**Your task:**
Beginning with the line containing "Coastal Folding Chair", write out each line exactly through the end of the listing, and skip all pictures.

**Record extracts:**
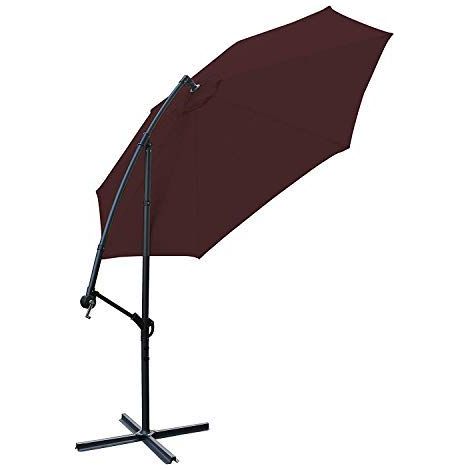 Garden Parasol Sun Shade Patio Banana Cantilever Hanging Umbrella 3m Wine Red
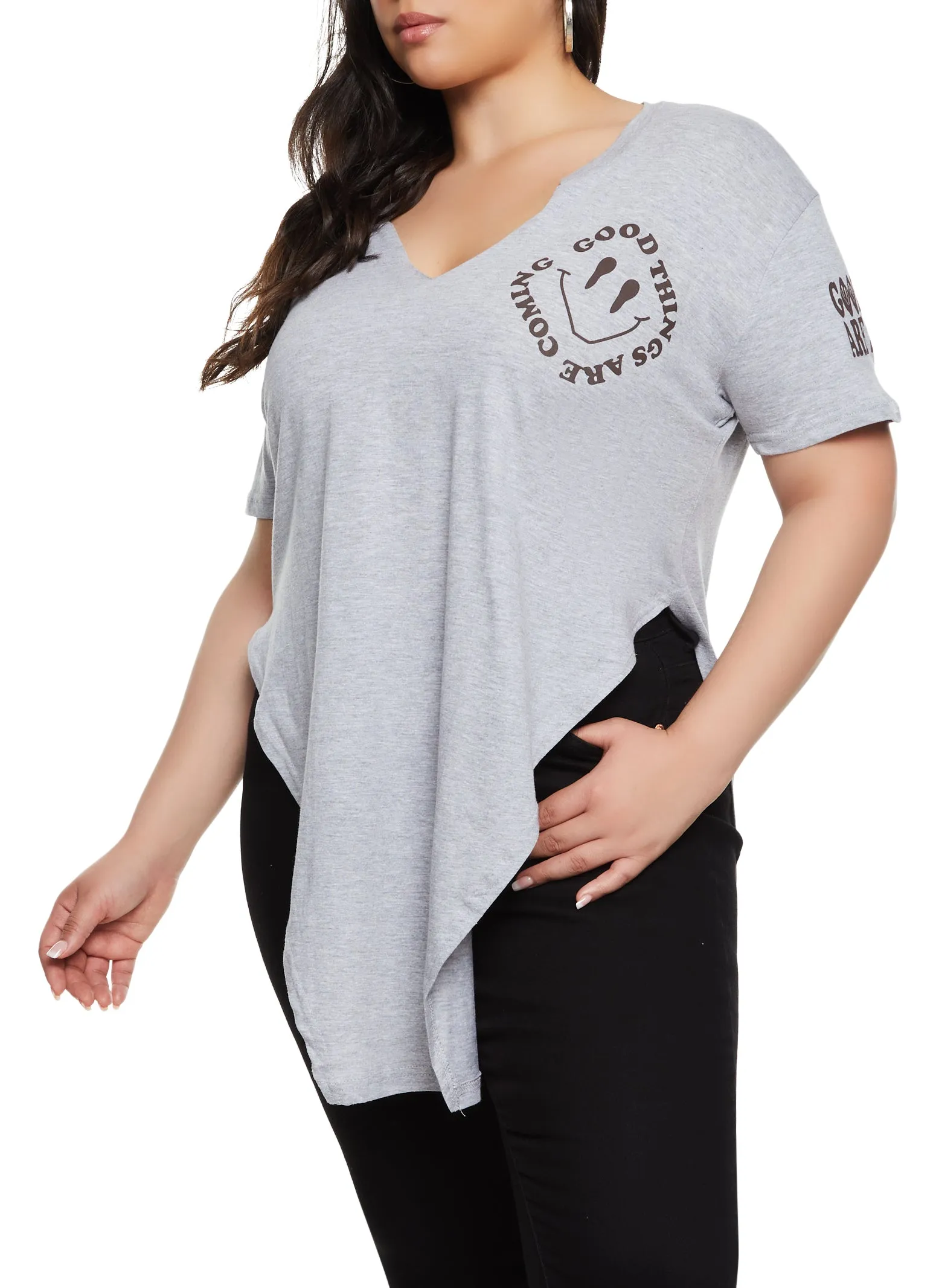 Plus Size Good Things Are Coming Graphic Tunic Tee sold by Rainbow product image thumbnail 3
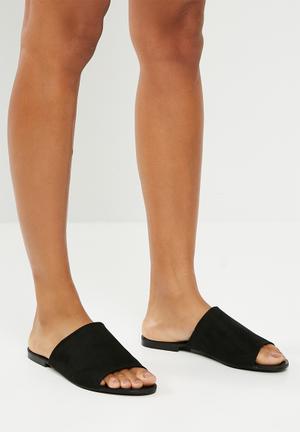 Isabella flat mule - black 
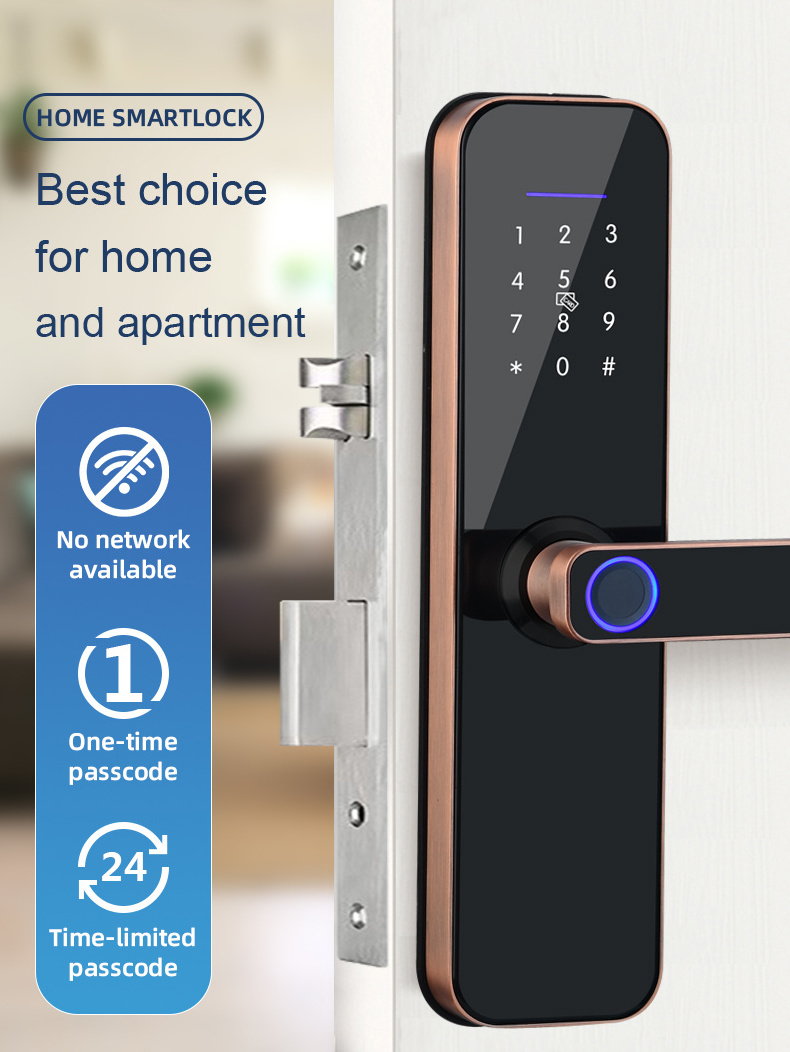 Intelligent Electronic key digital smart life Tuya Door lock manufacturer product Ttlock remote control unlock Wooden door lock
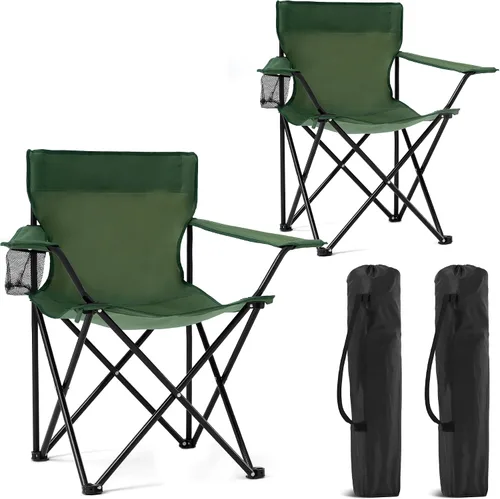 Vista 7 de Paquete de 4 sillas de camping ligeras, sillas plegables para el césped, sillas de playa al aire libre con portavasos y bolsa de transporte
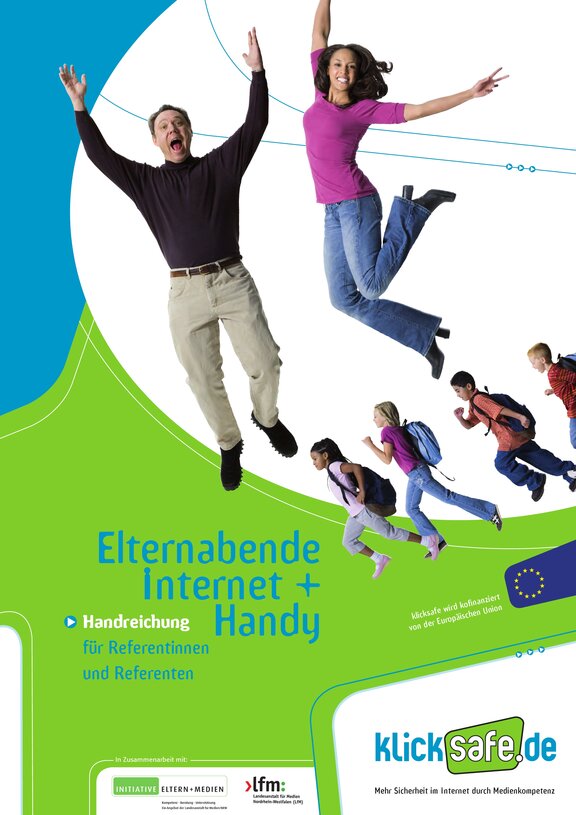 Ansicht der Broschüre Elternabende Internet und Handy - Eine Familie hüpft  
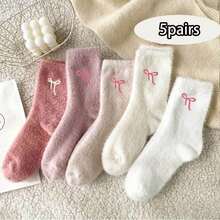 5 Pairs Of Women's Plush Bow Mid-Calf Socks Winter Fleece-Lined Thick Warm Sleep Socks Pink Set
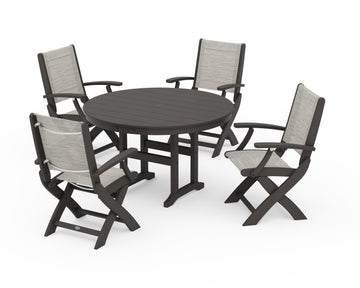 Coastal Folding Chair 5-Piece Round Dining Set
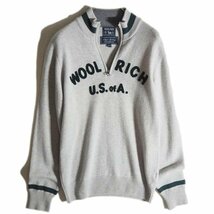 M0494z6　■Woolrich John Rich&Bros. ウールリッチ■　刺繍ロゴ ハーフジップ ウールニット グレー S / イタリア製 メンズ 秋冬_画像1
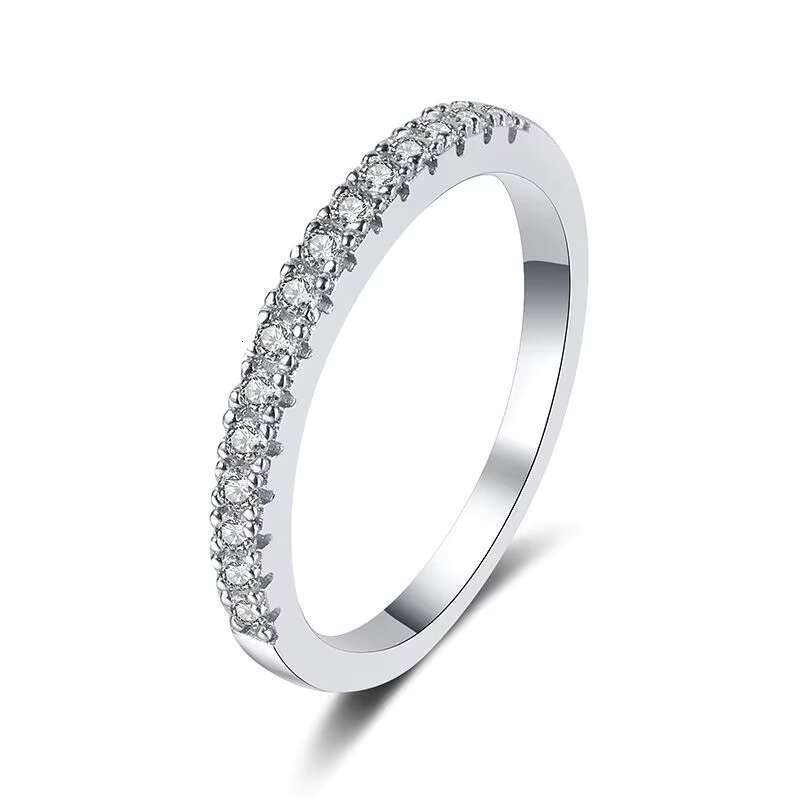 S925 Sterling Silver Plated Platinum Beautiful Luxury Women 0.22CT Engagement Wedding Rings Diamond Moissanite Ring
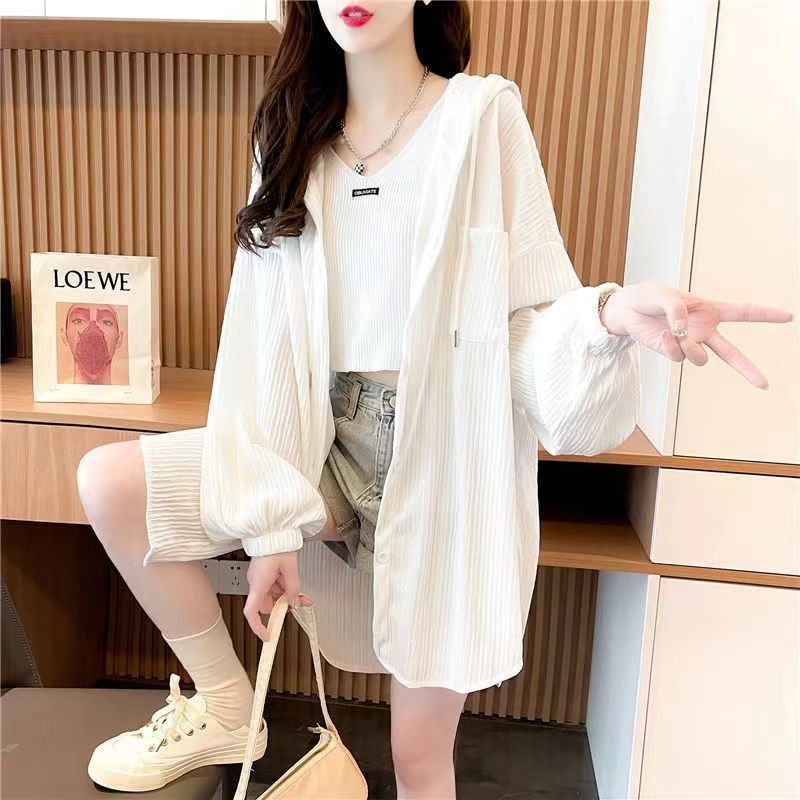 plus Size300White Long Sleeve Sun Protection Jacket for Women, Summer Versatile Mid-Length Loose Cardigan with Hood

**Task answer:**
 Coastal Folding Chair 5-Piece Round Dining Set
 M0494z6　■Woolrich John Rich&Bros. ウールリッチ■　刺繍ロゴ ハーフジップ ウールニット グレー S / イタリア製 メンズ 秋冬_画像1
 S925 Sterling Silver Plated Platinum Beautiful Luxury Women 0.22CT Engagement Wedding Rings Diamond Moissanite Ring
 plus Size300White Long Sleeve Sun Protection Jacket for Women, Summer Versatile Mid-Length Loose Cardigan with Hood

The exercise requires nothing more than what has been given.